Alex appreciates how family is willing to assist, like when his brother joined the company after college and had to fill a manager’s extended leave of absence at the Oregon City plant.
“He stepped right up,” Alex said. “That’s one way that our family helps each other out.”
Merilee was working for a school district 27 years ago when Lori called in a panic. Miles Fiberglass had lost another HR manager and the position had become a revolving door.
“Would you be interested in doing the HR here?” Lori asked her sister.
“I’ll think about it,” Merilee replied.
Three days later, her job at the school district was cut and she called her sister back.
“I guess I’ll take it,” Merilee said.
“I was looking for someone I could count on to stay here and be involved. Some I could trust,” Lori said. “That’s when you go to family.”
Before the third generation came to work, family leaders discussed the need to have formal rules to avoid business-related conflict and establish clear and fair processes.
Family members serve as key managers and meet weekly to discuss and make decisions and talk about upcoming issues.
Craig Hinkle started working for the company as janitor when he was in high school and is married to Merilee. As chief operating officer, Craig has helped to establish training programs to move the business forward.
“In order to progress beyond what we created, to ensure that our business continued to grow … we needed to implement continual improvement,” Craig said.
That’s led to a partnership with Clackamas Community College to develop manufacturing training so employees and other students could gain knowledge and specialized skills. Miles Fiberglass also provides financial resources for endowed scholarships.
Lowell set an example of community engagement with his involvement in civic and industry groups. It’s a standard other family members want to uphold.

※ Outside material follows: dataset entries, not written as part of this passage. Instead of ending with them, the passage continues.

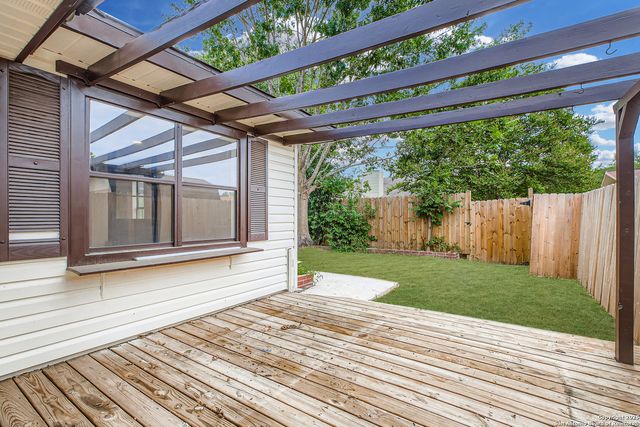 520 Marilyn, Schertz, TX 78154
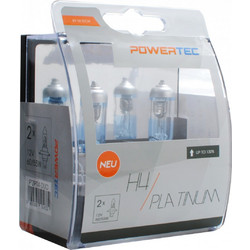 M-tech H4 Platinum 12V 60/55W 2τμχ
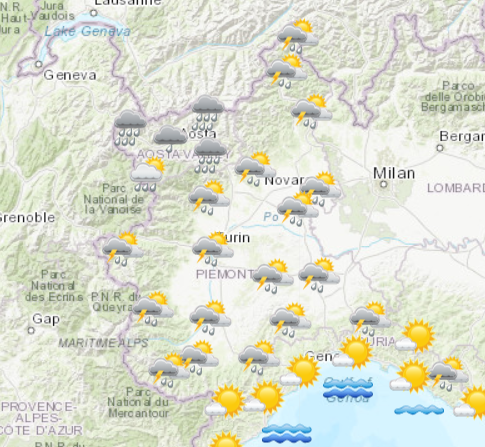 meteo-piemonte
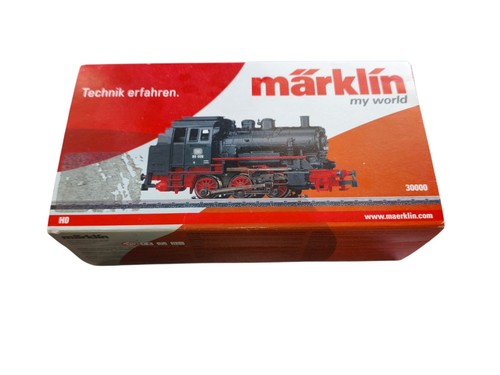 Märklin 30000 locomotiva - h0,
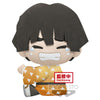Demon Slayer - Kimetsu No Yaiba Zenitsu Super Big Plush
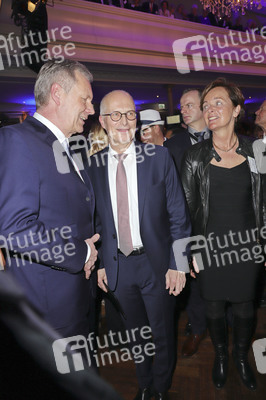 Blankeneser Neujahrsempfang 2020 in Hamburg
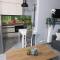 Nowoczesny apartament z garażem i balkonem Mokotów - 华沙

“That’s always amazed me,” Merilee said. “It made me want to strive to do the same.”
Community involvement actually strengthens family harmony. Miles Fiberglass teaches a class for at-risk youth to make a canoe that they get to keep. They host Boy Scouts troops to make walking sticks. Family members and employees are eager to volunteer and take part.
Merilee’s daughter is a first-grade teacher in Salem and brings her class on a field trip to tour the plant. The kids learn about manufacturing by making toys they get to bring home.
The whole family is involved with the field trip.
“We get down on the floor and play with them,” Lori said.
Away from the business, the family is close-knit, vacationing together and gathering often to share meals and relax.
Lowell, now 80, said he is thinking about retirement. He knows the company is in good hands.
“I have confidence that I don’t have to be here all the time,” he said. “That’s a great matter of comfort to me.”